「被災度判定」人材が急減、判断遅れで避難生活長期化懸念…1万1000人が1800人に
地震で被災した建築物が復旧可能か評価する「被災度区分判定」の有資格者が、ピーク時の2割以下に急減している。一般財団法人・日本建築防災協会(東京)によると、熊本地震が発生した2016年の年度末には全国で約1万1000人に上ったが、今年3月末時点では約1800人に落ち込んだ。復旧できる建物の判断が遅れれば、避難生活の長期化などが懸念され、関係者は人材不足に気をもんでいる。(中村直人)
有事に不足
「これだけ少ないと、心もとない」
熊本県建築士事務所協会理事の東誠一さん(47)(熊本市東区)は危惧する。
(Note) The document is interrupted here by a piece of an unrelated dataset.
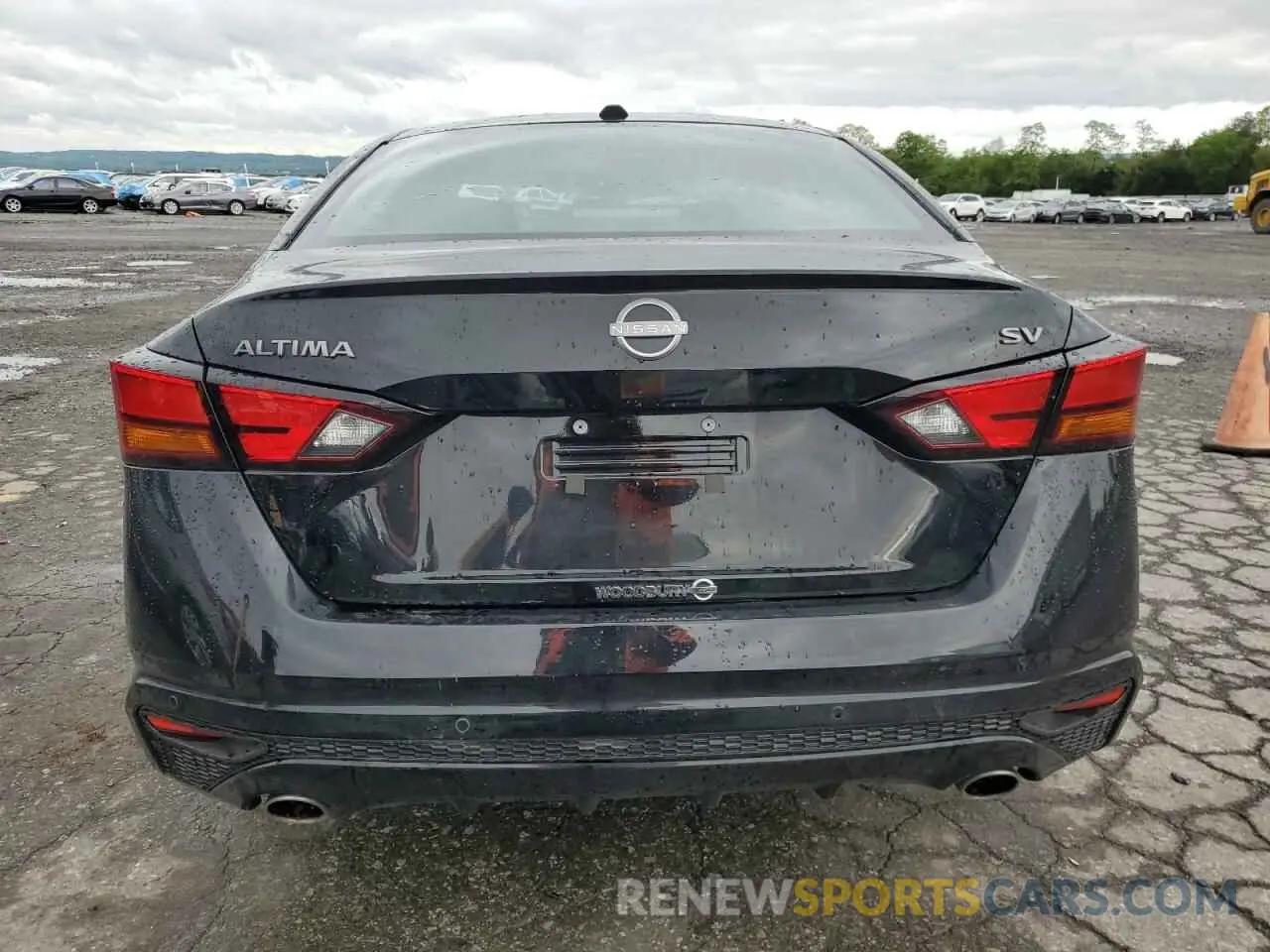6 Фотография поврежденного автомобиля 1N4BL4DV8RN423122 NISSAN ALTIMA 2024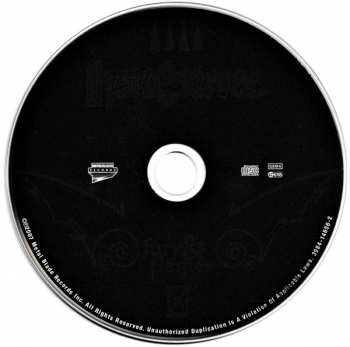 CD Hate Eternal: Fury & Flames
同県では17年度末は約600人いたが、順次、資格の有効期限が切れて、3月末時点は15人と3%程度に激減。「地震時に、すぐ活動できる人員の確保が必要だが……」。東さんの表情は険しい。
同判定は、専門的な講習を受けて「技術者証」を持つ民間の建築士らが、建物所有者らの依頼を受けて有償で実施する。沈下や傾斜、損傷の状況などを確認し、引き続き居住可能か、どの程度の補修・補強を行うべきかを判断する。
復興迅速に
大地震時に、二次被害を防ぐため自治体が行う「応急危険度判定」は緊急的な意味合いが強い。そのため、立ち入らないように求める「危険(赤)」との判定となっても、後に「被災度区分判定」で詳細に調査すると、復旧可能の場合もある。
解体される建物を減らせれば、避難生活を短縮化できたり、仮設住宅の過剰な供給を抑えられたりする。地域コミュニティーの存続につながり、迅速な復旧・復興に役立つ利点もある。
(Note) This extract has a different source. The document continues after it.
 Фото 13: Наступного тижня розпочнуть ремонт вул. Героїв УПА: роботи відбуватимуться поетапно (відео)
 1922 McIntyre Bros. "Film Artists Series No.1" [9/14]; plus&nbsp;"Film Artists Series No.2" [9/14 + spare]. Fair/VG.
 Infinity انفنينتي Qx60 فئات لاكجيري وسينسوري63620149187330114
国土交通省国土技術政策総合研究所などが熊本地震の被害調査の一環で行った判定では、応急危険度判定で「危険」とされた熊本市西区のマンションが、部分的な補修で対応できたケースもあった。11年の東日本大震災では、文部科学省が岩手や宮城など7県に有資格者を派遣し、学校施設など約700棟を判定した。
5年で失効
有資格者は、04年の新潟県中越地震で人材不足が表面化したのを機に、全国で講習会を開いて育成しており、大きな地震が起きるたびに増えてきた。熊本地震発生直前には全国で約6900人いたが、最新の知見を学んでもらうため期限は5年間で、改めて講習を受けて更新しないと失効する。熊本地震を機に資格を取得した人も多かったが、その多くが失効して21年度末に保有者が2000人を割り、22年度末は過去最少の1811人となった。
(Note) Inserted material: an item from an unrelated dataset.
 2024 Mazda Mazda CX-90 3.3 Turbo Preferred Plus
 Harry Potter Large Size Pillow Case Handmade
速やかな調査には初動で活動できる有資格者の育成が欠かせない。日本建築防災協会の石崎和志・専務理事は「災害時に人手が不足するのは明らか。講習参加を呼びかけたい」と語る。
AI活用の動きも
技術者不足を、先端技術で補おうという動きも出ている。九州大の吉岡智和教授(建築構造学)は人工知能(AI)を活用し、被災マンションの外壁の画像から、ひび割れの幅や剥がれ落ちたコンクリートの割合をはじき出し、被災度を判定する技術開発に取り組んでいる。熊本地震の画像データを読み込ませたところ、95%以上の正答率で損傷した部分が検出できたという。
実用化を目指しており、住民が手軽に判定を出せるようにしたい考えだ。